Pecuaristas de Mato Grosso do Sul que iniciam a estação de monta podem encontrar na ressincronização uma alternativa para aumentar a produção de bezerros e melhorar o aproveitamento das matrizes. Associada à Inseminação Artificial em Tempo Fixo (IATF), a estratégia possibilita uma segunda tentativa de inseminação nas fêmeas que não ficaram prenhes no primeiro procedimento.

Segundo a Associação Brasileira de Inseminação Artificial (Asbia), a ressincronização pode resultar em aumento de 6% a 10% no número de bezerros produzidos em comparação ao sistema convencional de IATF seguido pelo repasse com touros.

A ferramenta ganha importância em Estados com forte presença da pecuária de corte, como Mato Grosso do Sul, principalmente durante o período de planejamento da próxima safra de bezerros.

A IATF é utilizada em mais de 90% das inseminações de bovinos realizadas no País. Apesar da eficiência da técnica, a taxa média de prenhez pode chegar a cerca de 50%, deixando uma parcela significativa das matrizes disponível para uma nova tentativa dentro da mesma estação reprodutiva.

No método tradicional, as vacas que não ficam prenhes depois da primeira inseminação normalmente são colocadas junto aos touros para o chamado repasse por monta natural. Com a ressincronização, essas fêmeas podem receber um novo protocolo de IATF em intervalo menor.

“Com a ressincronização, o pecuarista pode inseminar novamente as fêmeas que não emprenharam na primeira tentativa, reduzindo o intervalo entre as inseminações. Essa possibilidade aumenta a eficiência do sistema e permite concentrar mais prenhezes na estação de monta”, explica o diretor técnico da Asbia, Fernando Furtado Velloso.

Além de ampliar o número de gestações, a estratégia pode diminuir entre 20 e 30 dias a duração da estação de monta, concentrando o período reprodutivo do rebanho.

Há diferentes formas de aplicar o procedimento. No protocolo convencional, o diagnóstico de gestação é feito por ultrassonografia aproximadamente 30 dias depois da primeira IATF. As fêmeas que permaneceram vazias são identificadas e entram em uma nova programação.

Também existem protocolos mais precoces, nos quais o diagnóstico é realizado com Doppler, tecnologia capaz de antecipar a identificação da gestação. Nesse caso, a avaliação pode ocorrer cerca de 21 dias depois da primeira inseminação.

Outra vantagem apontada pela Asbia é a concentração dos nascimentos. Com maior número de vacas emprenhando no início da estação, mais bezerros tendem a nascer nos primeiros 45 dias do período de parição.

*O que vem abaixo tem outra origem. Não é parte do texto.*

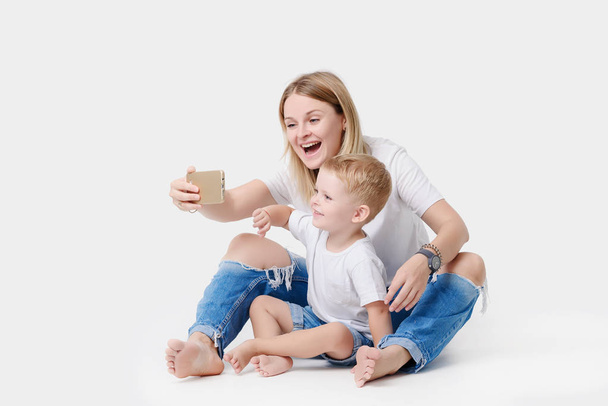 Happy young mother playing with her young son on a white isolated background. Take pictures and videos on your mobile phone, make selfie - Φωτογραφία, εικόνα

Esses animais terão mais tempo para ganhar peso até a desmama, fator que pode aumentar o peso médio dos bezerros e melhorar a uniformidade dos lotes comercializados. A concentração dos nascimentos também facilita o manejo sanitário e nutricional dentro das propriedades.

Custo deve entrar na conta

A adoção da ressincronização, porém, exige uma avaliação econômica por parte do produtor. O procedimento gera gastos adicionais com sêmen, hormônios, mão de obra e serviços veterinários.

Para Velloso, a análise deve considerar principalmente o volume adicional de quilos de bezerros produzido pela propriedade.

“Os custos da IATF representam aproximadamente 5% do valor do bezerro ao desmame. Quando consideramos o potencial de produzir mais bezerros e concentrar os nascimentos, especialmente em um momento favorável para a pecuária, a relação entre investimento e retorno pode ser bastante positiva”, afirma.

Com a estação de monta em andamento, o planejamento reprodutivo torna-se decisivo para definir os resultados da próxima safra. A ressincronização amplia as possibilidades da IATF ao permitir que matrizes vazias sejam rapidamente identificadas e inseminadas novamente, elevando as chances de prenhez dentro de uma mesma temporada.

IATF

Fundada em 1974, a Asbia atua na difusão e no incentivo ao uso da inseminação artificial na pecuária brasileira. A entidade também desenvolve ações voltadas à modernização do setor, à ampliação do mercado e ao aperfeiçoamento dos sistemas de distribuição de produtos ligados à reprodução animal.